A new project with scientists from across five European countries will develop next-generation chemical noses that can remove pollutants from the environment.
Cassie Sims

Cartoon rendering of a chemical nose. Image: Riina Aav

Scientists from across Europe have been allocated €2.9m for a Horizon 2020 project with the aim of tackling environmental pollution problems. The team consists of researchers from five countries, including experts from Tallinn University of Technology (TalTech) in Estonia.

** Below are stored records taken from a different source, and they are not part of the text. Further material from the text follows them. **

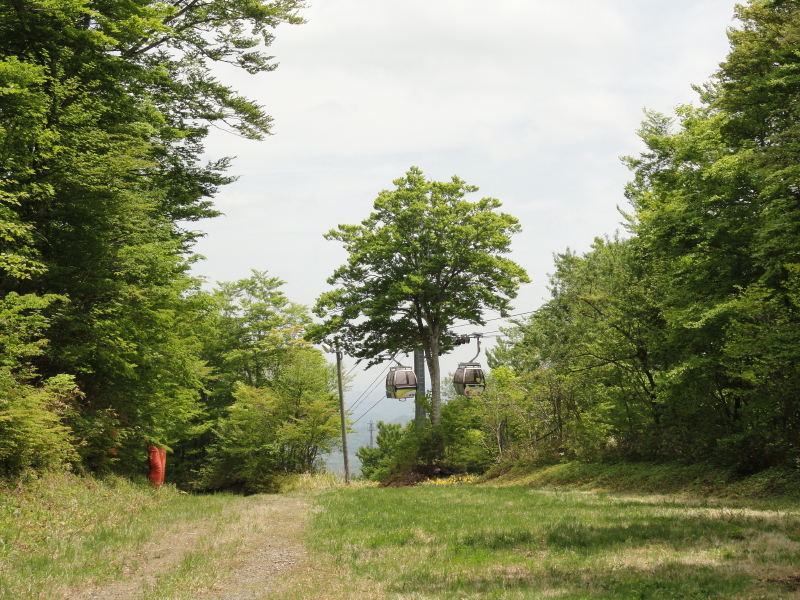 img0040.jpg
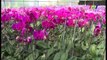 Nhà vườn chuẩn bị cung ứng hoa lan cho thị trường Tết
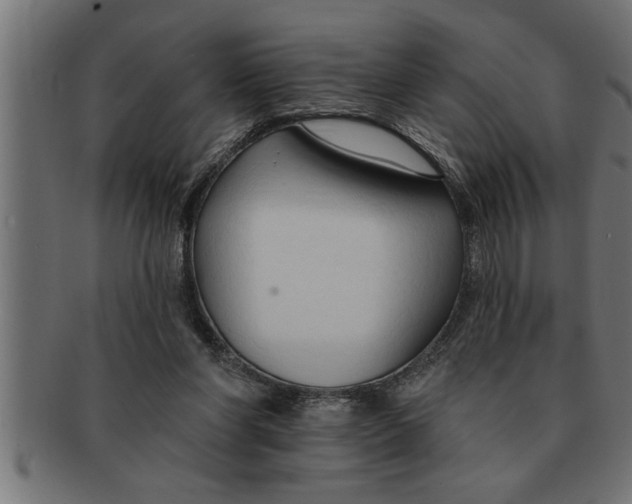 X0000091670206200709201226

The project will focus on supramolecular chemistry, using new receptor-molecules to detect pesticides and other industrial pollutants. The receptors work as an ‘electronic nose’, sending a signal when compounds bind with them.

The technology could be used to detect pollutants. Currently, the chirality – when some chemicals exists in two non-superimposable forms – of these pollutants makes it difficult to analyse traditionally.

‘Dealing with pollutants in the environment is becoming an ever-increasing problem. One relatively unknown reason for this is that many agricultural pesticides and pharmaceutical drugs that enter the environment are 'chiral', which means they exist in two non-superimposable forms (like left and right hands), ’ says Professor Riina Aav, head of the supramolecular chemistry research group at the TalTech. ‘This molecular quirk makes it difficult for the pollution control technologies to identify and remove many of these pollutants and this cannot be achieved by traditional methods for analysis.’

The collaborative project will focus on building the receptor-molecules and encapsulating them in container molecules, which the Estonian team has recently developed.

‘Our research group will build the receptor-molecules for these chemical noses. We will make container molecules, the 'hemicucurbiturils', which were recently developed in the project funded by Estonian Research Council. Our researchers will also build chiral molecular systems with recognition and signalling functions to flag the presence of specific pollutants, for example through changing colour,’ Professor Aav adds.

The scientists hope that the project will develop more effective technology to detect pollutants, which can hopefully lead to their capture and removal before they are released into the environment.